Foreign Lands: Day 2
As you come to him, the living Stone—rejected by men but chosen by God and precious to him—you, also, like living stones, are being built into a spiritual house…
I Peter 1:2
Though decades ago, that time has given us a deep appreciation of those who choose to spend their life on the foreign mission field. This past summer, however, something (actually, someone) happened that rekindled in us the lessons learned from that time in our life.
We met them through friends in our home fellowship group. Because their names are tricky, but also because they work among Muslims, I will refer to them as Joe and Mary Orlov. Both Joe and Mary were raised under atheistic communism in an Eastern European country. Mary, however, had a Muslim grand-mother who taught her about Allah and, because of her tender conscience, Mary grew up with a great burden to please Allah and to avoid his punishment.

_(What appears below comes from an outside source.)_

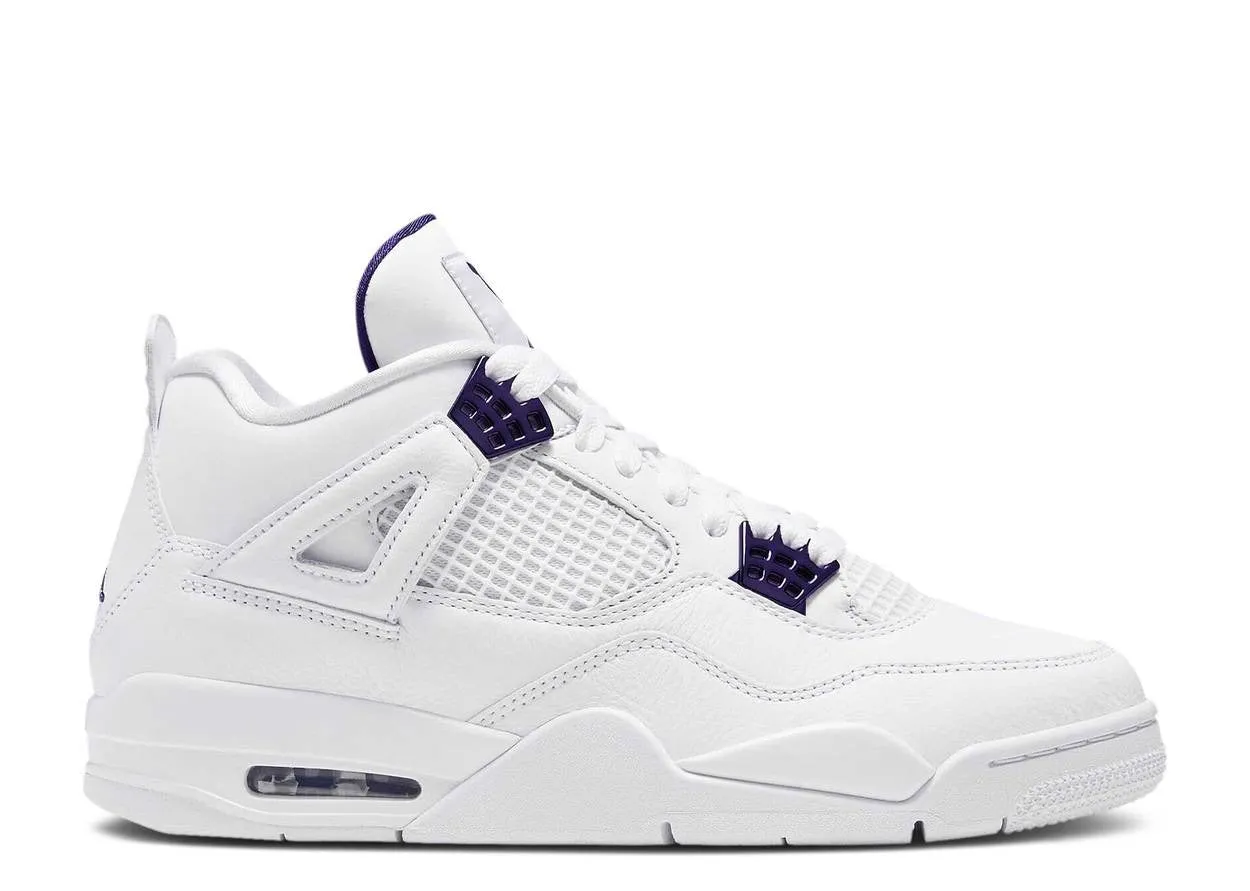 Air Jordan 4 Metallic Purple Retro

When the Iron Curtain fell in the late 90’s, and Christian missionaries poured in with Bibles and the gospel, both Joe and Mary, then in their late teens, heard--for the first time in their lives--about a God of love and forgiveness. They each accepted Christ as their Savior and began attending a Bible study at their university. This is where they met, married and dedicated their lives to missionary service.
In the intervening years, they have raised up house churches filled with joyous believers amid a culture of atheism, communism and a growing danger from an increasingly militant Islam. Recently, they have left the missions agency they had with been with since college and are in the process of moving to Great Britain to work with the Muslim refugees who are pouring into that part of the world.
A few years ago, the Orlovs brought their family to the United States so that Joe could pursue a master’s degree at a well-known seminary in the United States. I remarked to Joe that they were truly citizens of the world and he did not disagree.
Joe and Mary are some of the loveliest people you will ever meet and, though their history is very different from that of the American missionaries we knew so many years ago, our former pastor’s words could not be more fitting. “God sends His best to the mission field.”